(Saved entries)

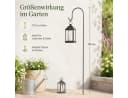 BOLTZE Gartenstab Schäferstab Braun Metall Deko Bild 4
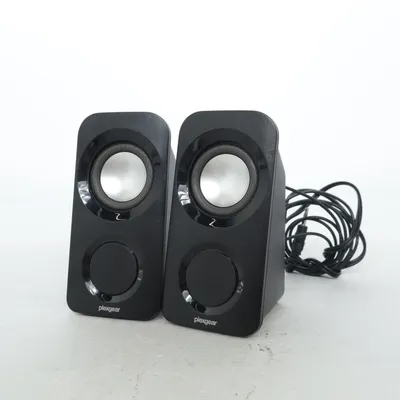 Speaker (Zwart, Zilver) van Plexgear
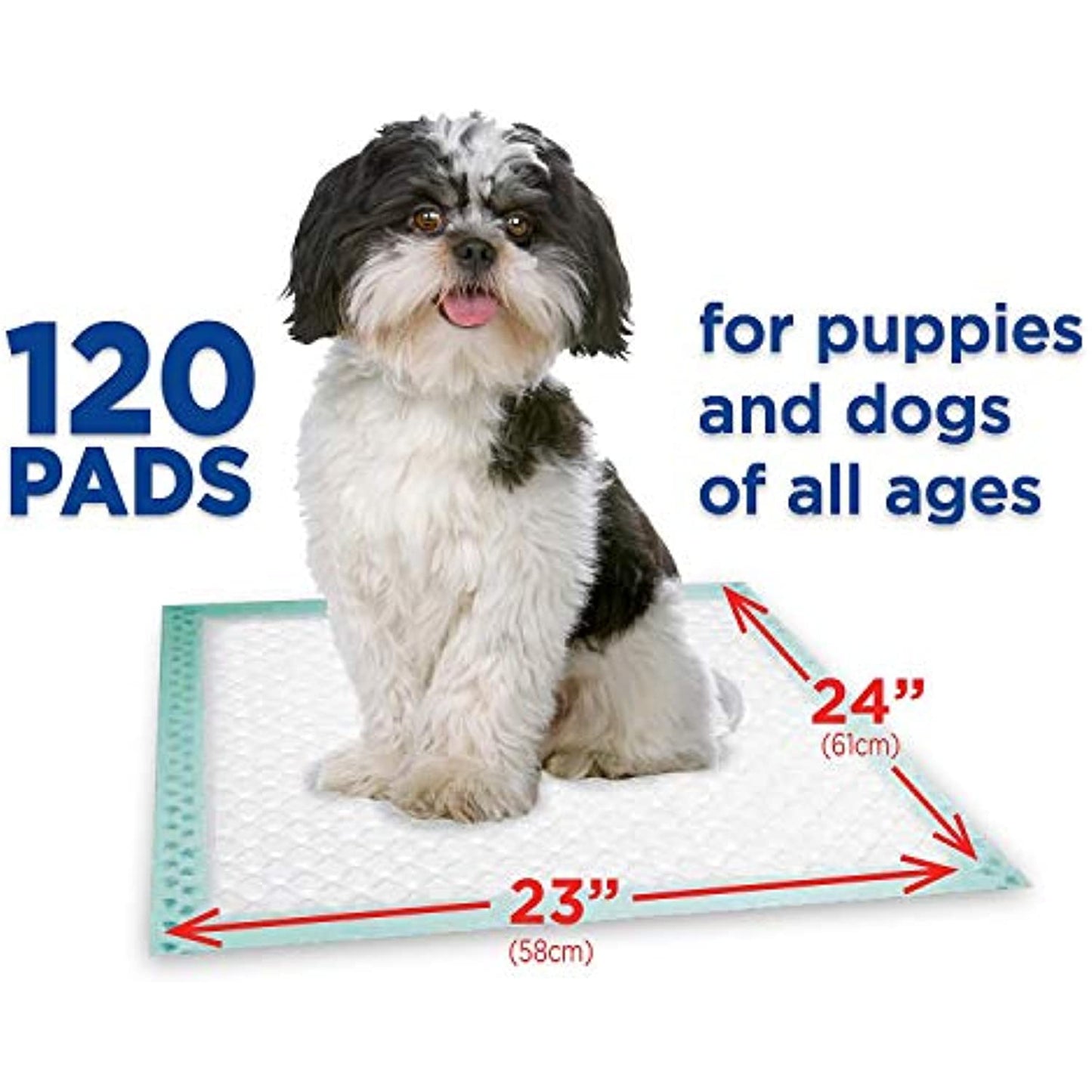 Member's Mark Member's Mark Puppy Multipurpose absorbent Pads Net Count 120 Pads, 120 Count
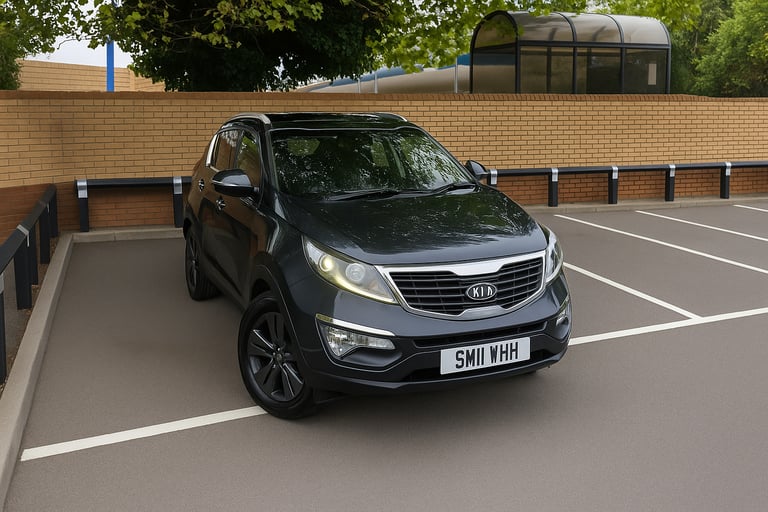 Kia, SPORTAGE, Estate, 2011, Other, 1995 (cc), 5 doors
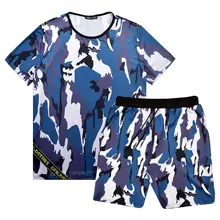 Лето для мужчин/wo для мужчин футболка с короткими рукавами комплект Аниме 3D цвет модные принты спортивная одежда в стиле хип-хоп s рубашк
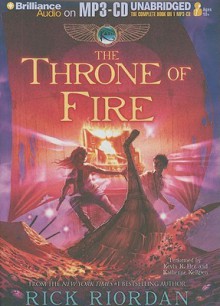 The Throne of Fire - Rick Riordan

#### Try it
Set each line of the records down exactly, leaving every picture out.

#### Solution below
 BOLTZE Gartenstab Schäferstab Braun Metall Deko Bild 4
 Speaker (Zwart, Zilver) van Plexgear
 Member's Mark Member's Mark Puppy Multipurpose absorbent Pads Net Count 120 Pads, 120 Count
 Kia, SPORTAGE, Estate, 2011, Other, 1995 (cc), 5 doors
 Лето для мужчин/wo для мужчин футболка с короткими рукавами комплект Аниме 3D цвет модные принты спортивная одежда в стиле хип-хоп s рубашк
 The Throne of Fire - Rick Riordan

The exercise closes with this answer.